The applicant was a coal seller which provided sub-standard coal to two buyers. Although the coal complied with the specifications of the contract, the applicant lost the arbitration because it was held to be in breach of the Sales of Goods Act 1979 s.13 and s.14(2). The applicant applied to challenge (under s.68 of the Act) and appeal (under s.69 of the Act) against the arbitration award on 7 July 2015.

The award was dated 27 March 2015, which was made known to the parties on 30 March. The tribunal refused to release the award until all outstanding fees and expenses had been paid by the respective parties. The applicant paid its share on 16 April 2015. The statutory deadline for a challenge or application for permission to appeal expired on 24 April 2015 (under s.70(3) of the Act), i.e. 28 days from the date of the award.
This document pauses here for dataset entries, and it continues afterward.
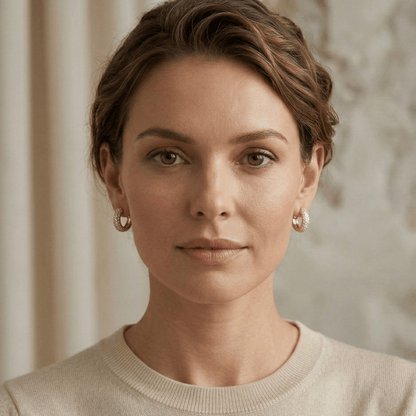 Parisian Luxe Sparkle Hoops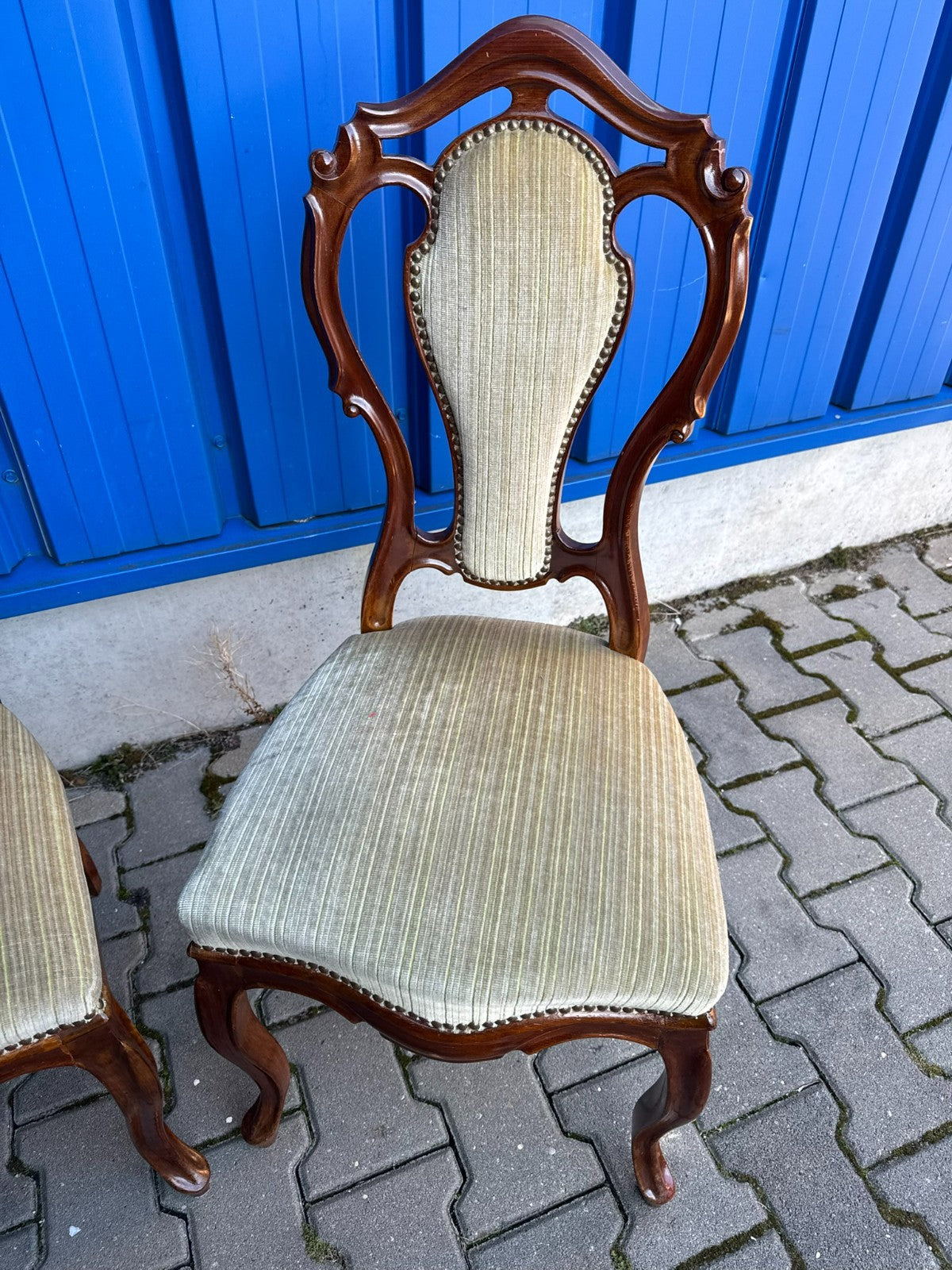 Antike Prunkstühle Stühle Spät Biedermeier um 1860 4x Stuhl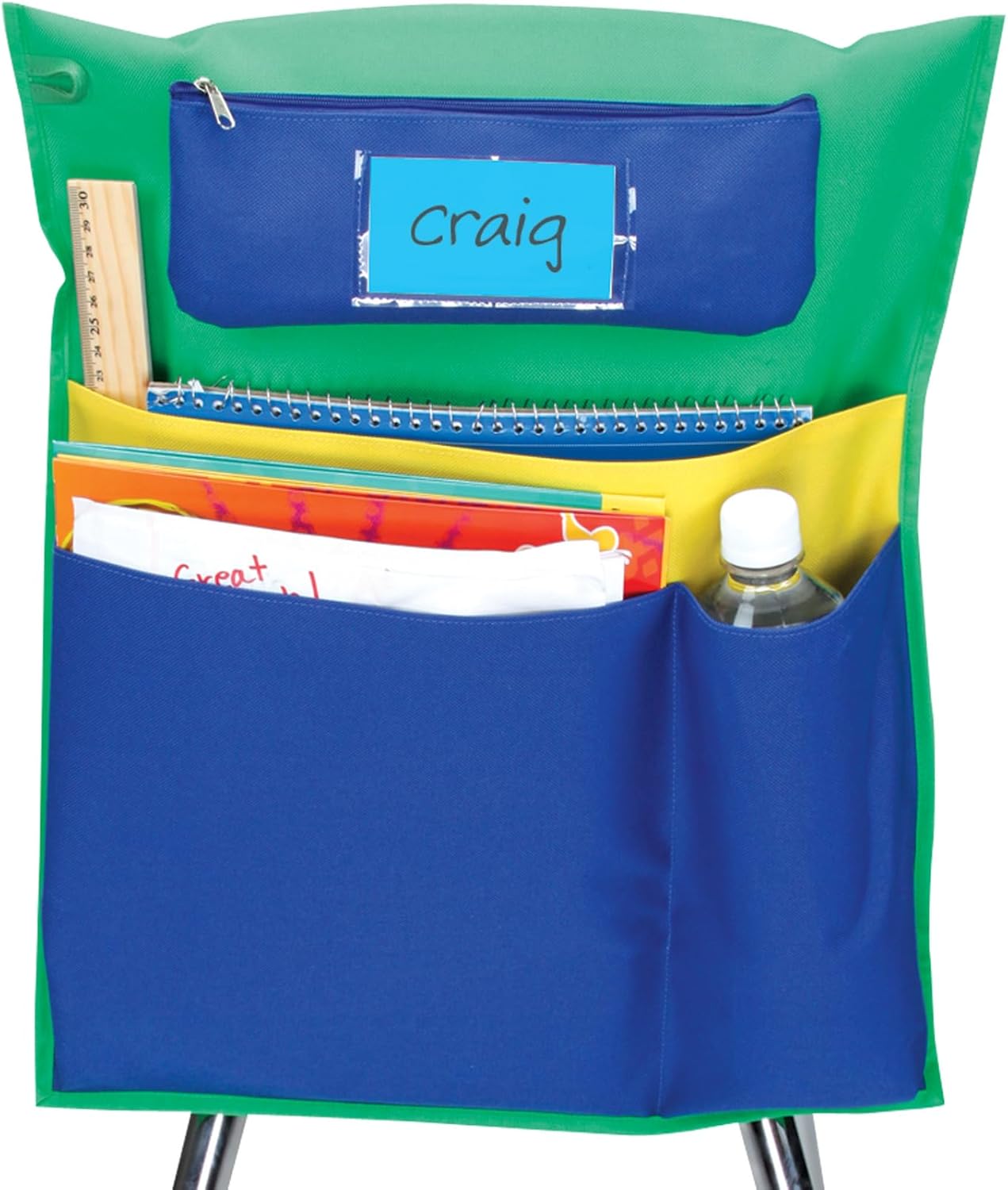 Multi-Pocket Chair Pockets for Classroom Organization and Storage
The respondent paid its share of the fees on 29 May and the award was released on 20 June 2015. The application was issued 102 days after the date of the award, 74 days beyond the statutory time limit and 17 days after the release of the award.

The application under s.80(5) was rejected applying the seven factors set out in Terna Bahrain Company WLL v Al Shamsi [2013] 1 Lloyd’s Rep 86. These included the length of the delay; whether the applicant was acting reasonably in the circumstances; whether the respondent or tribunal caused or contributed to the delay; and, to a lesser extent, the strength of the application and whether it would be unfair to the applicant to deny the application.

In The Faith [1993] 2 Lloyd’s Rep 408, it was held that the applicant “must ensure that the award is taken up in time to enable the application to be made”, and it cannot be argued that it was waiting for the other party to take up the award or did not know there was any point it wanted to raise on the award. The applicant argued that the respondent had delayed the publication of the award by delaying payment but the judge, applying The Faith, considered this to carry little, if any, weight.

It was held that the applicant knew or should have known about the tight deadline and that the onus was on it to ensure the award was collected on time. Furthermore, the outstanding fees were modest and there was no issue of financial difficulty that would have prevented the applicant from paying the respondent’s share. The applicant did not seek to contact the other party on time to enquire about payment and did not pro-actively follow up on the publication of the award – factors considered by the judge in assessing the reasonableness of the applicant’s conduct.

Having reached the preliminary conclusion that he should refuse an extension of time, the judge then considered the strength of the application to challenge and for permission to appeal. He held that the applicant had not established a serious irregularity under s.68 of the Act and that the application for permission to appeal on a point of law was weak. Accordingly, his preliminary conclusion regarding the extension of time remained unchanged.